TASK TO COMPLETE
When you reach the line containing "5 Bedroom Property" in the entries below, start writing out each line exactly, and stop after the line containing "Fot. nr 3. Jan".

RECORDS PROVIDED
□ □ □ □ □
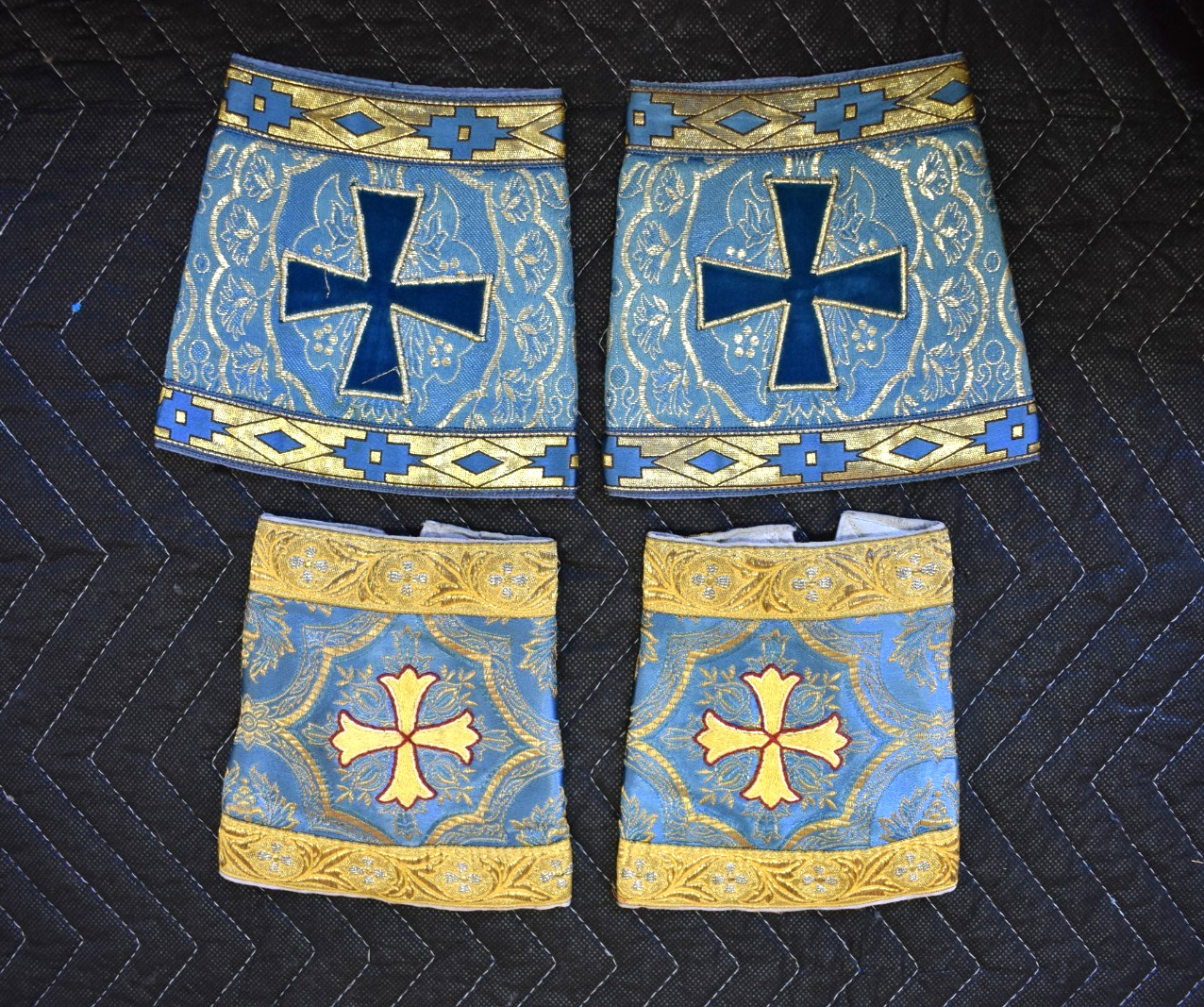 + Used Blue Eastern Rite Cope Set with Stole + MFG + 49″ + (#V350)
□ □ □ □ □
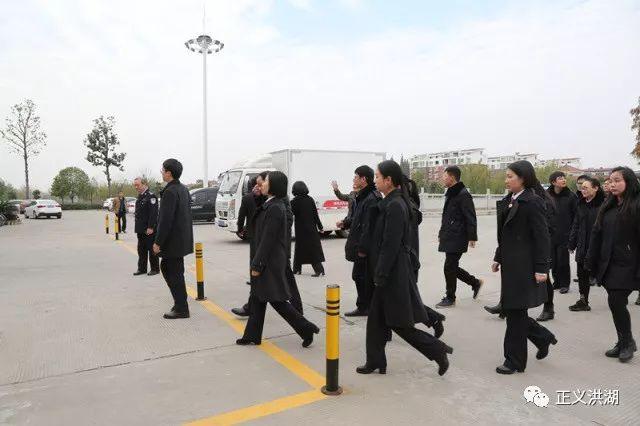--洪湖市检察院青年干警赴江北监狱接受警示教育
□ □ □ □ □
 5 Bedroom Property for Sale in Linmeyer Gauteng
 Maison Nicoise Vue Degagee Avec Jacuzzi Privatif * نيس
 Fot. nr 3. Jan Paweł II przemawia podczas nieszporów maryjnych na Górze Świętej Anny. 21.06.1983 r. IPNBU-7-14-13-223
□ □ □ □ □
TASK RESULT
 5 Bedroom Property for Sale in Linmeyer Gauteng
 Maison Nicoise Vue Degagee Avec Jacuzzi Privatif * نيس
 Fot. nr 3. Jan Paweł II przemawia podczas nieszporów maryjnych na Górze Świętej Anny. 21.06.1983 r. IPNBU-7-14-13-223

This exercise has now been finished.